Undocumented workers, barrio punks with guns, high-tech strip clubs, grubby city politics, and a backpack full of dirty money—all play a part in the smart new crime novel, Pasadena Payback, by my friend and fellow indie author, M.L. Rudolph. The action mostly takes place in Pasadena, best known for its Rose Bowl and festive parades, but it starts with a gripping scene on the Arizona border and inevitably leads back there for its life-or-death finale. Serious stuff, but it’s getting there that makes this a fun, fast-paced book.
Crispín, an undocumented landscaper, is at the center of the storm. Everyone is looking for him, or maybe it’s what he knows or what he’s carrying that they want. Poor Crispín has certain obligations he never asked for and family on both sides of the border. He’s just trying to keep a low profile like all those men who stand in front of the Home Depot looking for day jobs. But things go quickly awry.

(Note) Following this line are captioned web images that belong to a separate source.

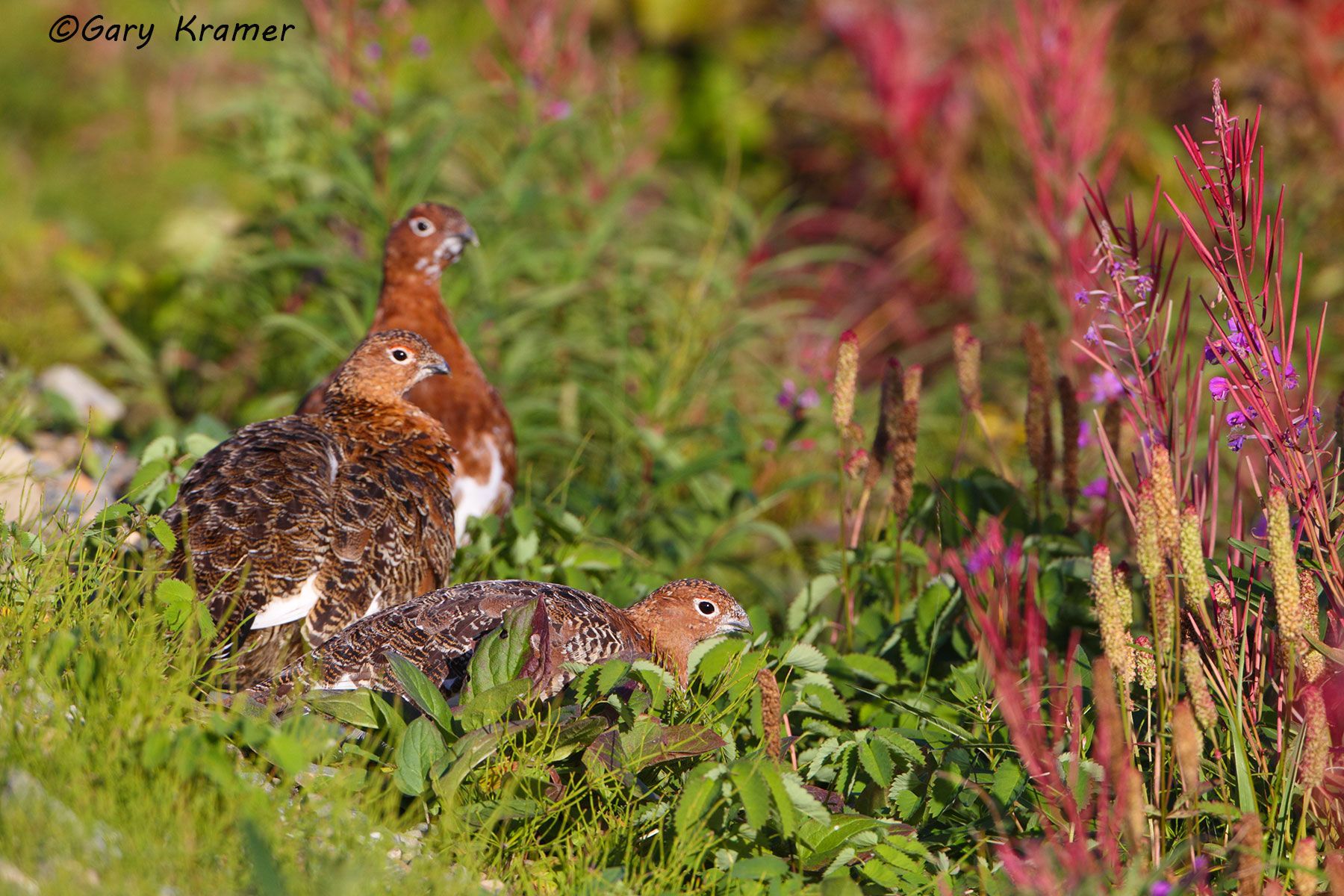 Willow Ptarmigan (summer-fall) (Lagopus lagopus) - NBGPw#254d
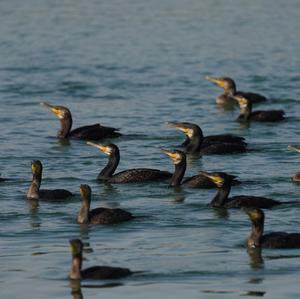 Great Cormorant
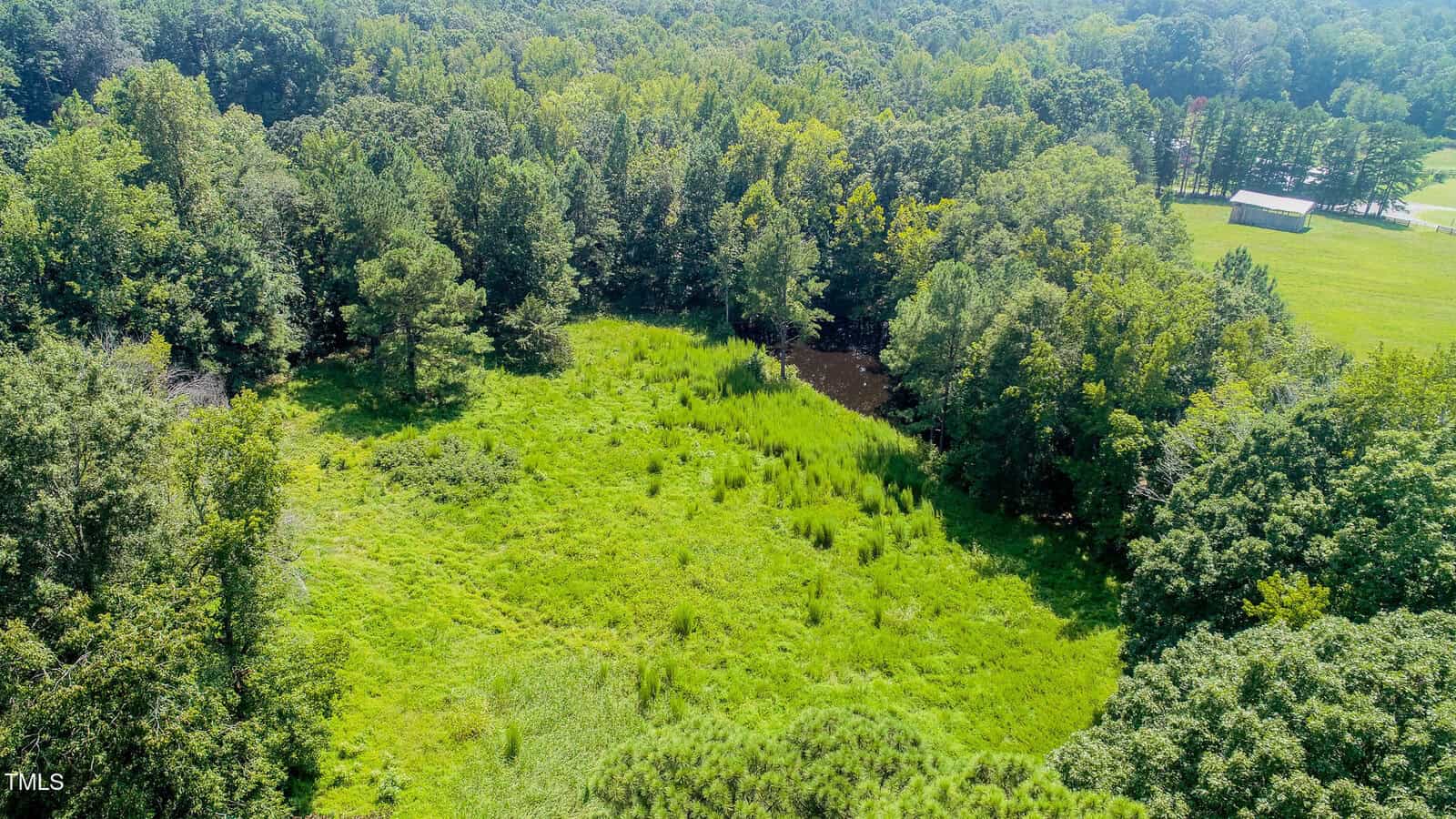 Aerial view of a grassy clearing surrounded by dense trees, with a small pond partially visible near the edge of the woods and a barn-like structure in the background.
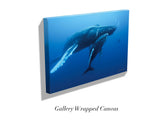 "Humpback Whale and Calf, Roca Partida"
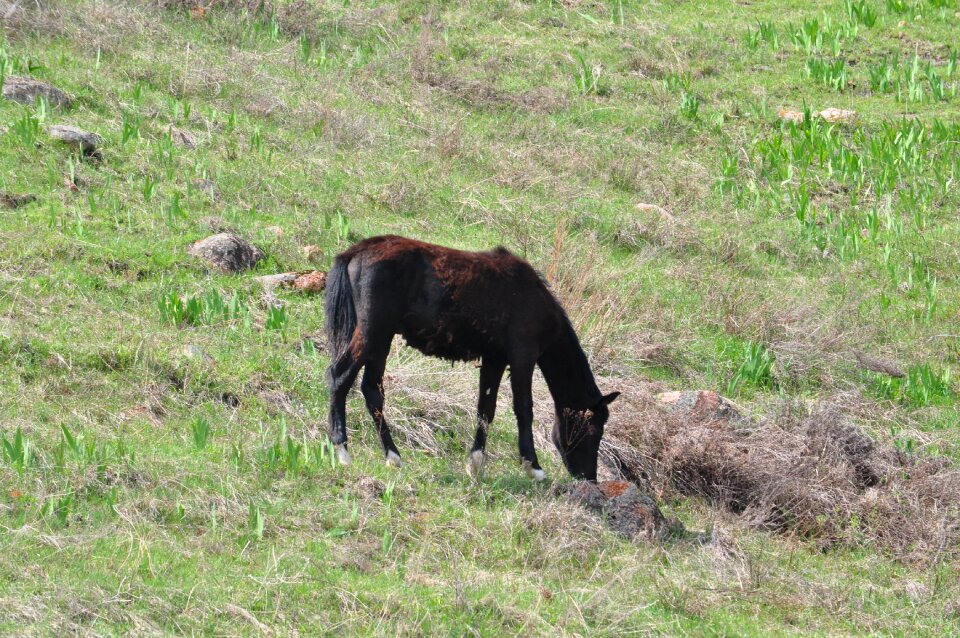 Horse kazakhstan spring
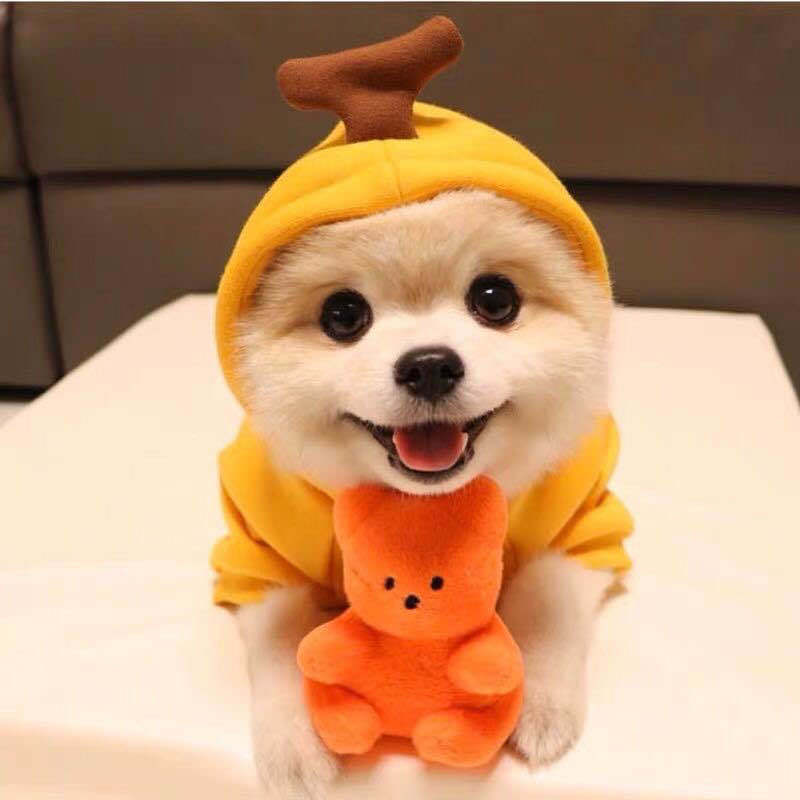Cute Fruit Dog Hoodie – Warm Winter Fleece Sweater for Small Dogs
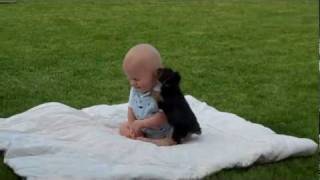 Baby playing with cuddly dog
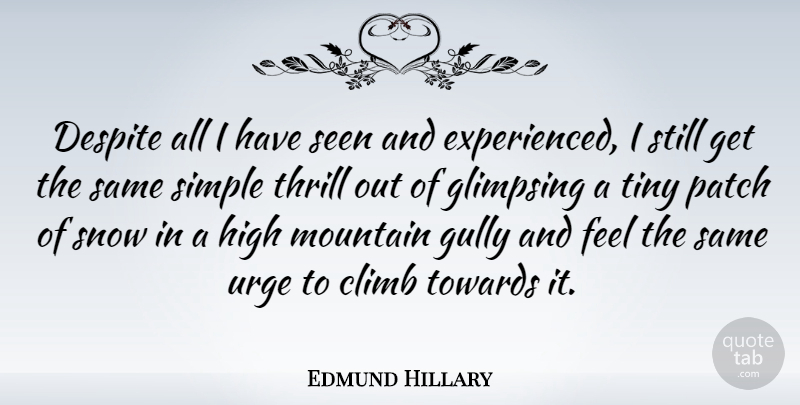 Edmund Hillary Quote About Climb, Despite, High, Patch, Seen: Despite All I Have Seen...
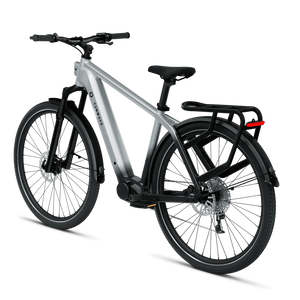Electric bicycle TENWAYS AGO X, 29" Gradient Silver (L) product image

Rudolph has lots of fun exposing the flaws of the people looking for Crispín, and for me it was this social satire that made the book so enjoyable. Everyone wants power—control really—over others. The ones with power are looking to keep it; the ones with money are looking to buy it; the ones without money are looking to steal it. Power, it turns out, is illusory and quickly vanishes because there’s always a price, or a payback, for getting it.
I enjoyed the West African setting of Rudolph’s first novel, Facing the Son, but this one is even better. It’s gritty, contemporary and right in our own backyard, with characters and issues that are all too real.